↓
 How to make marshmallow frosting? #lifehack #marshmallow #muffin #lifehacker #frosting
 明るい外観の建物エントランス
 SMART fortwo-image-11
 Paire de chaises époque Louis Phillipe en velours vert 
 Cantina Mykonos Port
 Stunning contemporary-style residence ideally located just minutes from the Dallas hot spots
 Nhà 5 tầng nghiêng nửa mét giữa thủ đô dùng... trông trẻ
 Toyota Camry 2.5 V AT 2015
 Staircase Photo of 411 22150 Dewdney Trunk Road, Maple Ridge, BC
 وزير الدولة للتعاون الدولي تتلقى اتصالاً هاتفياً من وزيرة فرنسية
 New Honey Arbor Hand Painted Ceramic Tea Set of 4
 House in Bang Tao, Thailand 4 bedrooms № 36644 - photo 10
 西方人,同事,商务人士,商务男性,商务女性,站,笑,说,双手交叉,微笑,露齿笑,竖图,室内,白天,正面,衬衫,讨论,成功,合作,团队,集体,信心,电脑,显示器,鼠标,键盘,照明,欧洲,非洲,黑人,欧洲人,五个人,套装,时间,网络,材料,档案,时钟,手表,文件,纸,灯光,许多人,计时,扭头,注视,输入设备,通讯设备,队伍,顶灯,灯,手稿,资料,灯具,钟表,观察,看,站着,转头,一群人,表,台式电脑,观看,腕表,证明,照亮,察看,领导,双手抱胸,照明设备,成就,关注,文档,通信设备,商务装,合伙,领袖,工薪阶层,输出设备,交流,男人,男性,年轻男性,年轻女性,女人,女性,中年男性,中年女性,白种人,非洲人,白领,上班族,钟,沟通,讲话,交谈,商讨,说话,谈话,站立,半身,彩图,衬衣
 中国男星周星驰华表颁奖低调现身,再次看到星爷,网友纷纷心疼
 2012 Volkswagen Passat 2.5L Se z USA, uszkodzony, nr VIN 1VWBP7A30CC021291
↑
Directions for this task -
In the data above, which lines lie between the line with "Toyota Camry 2.5 V AT 2015" and the line with "中国男星周星驰华表颁奖低调现身,再次看到星爷,网友纷纷心疼", inclusive? Print those lines exactly and nothing else.

Solution for this task -
 Toyota Camry 2.5 V AT 2015
 Staircase Photo of 411 22150 Dewdney Trunk Road, Maple Ridge, BC
 وزير الدولة للتعاون الدولي تتلقى اتصالاً هاتفياً من وزيرة فرنسية
 New Honey Arbor Hand Painted Ceramic Tea Set of 4
 House in Bang Tao, Thailand 4 bedrooms № 36644 - photo 10
 西方人,同事,商务人士,商务男性,商务女性,站,笑,说,双手交叉,微笑,露齿笑,竖图,室内,白天,正面,衬衫,讨论,成功,合作,团队,集体,信心,电脑,显示器,鼠标,键盘,照明,欧洲,非洲,黑人,欧洲人,五个人,套装,时间,网络,材料,档案,时钟,手表,文件,纸,灯光,许多人,计时,扭头,注视,输入设备,通讯设备,队伍,顶灯,灯,手稿,资料,灯具,钟表,观察,看,站着,转头,一群人,表,台式电脑,观看,腕表,证明,照亮,察看,领导,双手抱胸,照明设备,成就,关注,文档,通信设备,商务装,合伙,领袖,工薪阶层,输出设备,交流,男人,男性,年轻男性,年轻女性,女人,女性,中年男性,中年女性,白种人,非洲人,白领,上班族,钟,沟通,讲话,交谈,商讨,说话,谈话,站立,半身,彩图,衬衣
 中国男星周星驰华表颁奖低调现身,再次看到星爷,网友纷纷心疼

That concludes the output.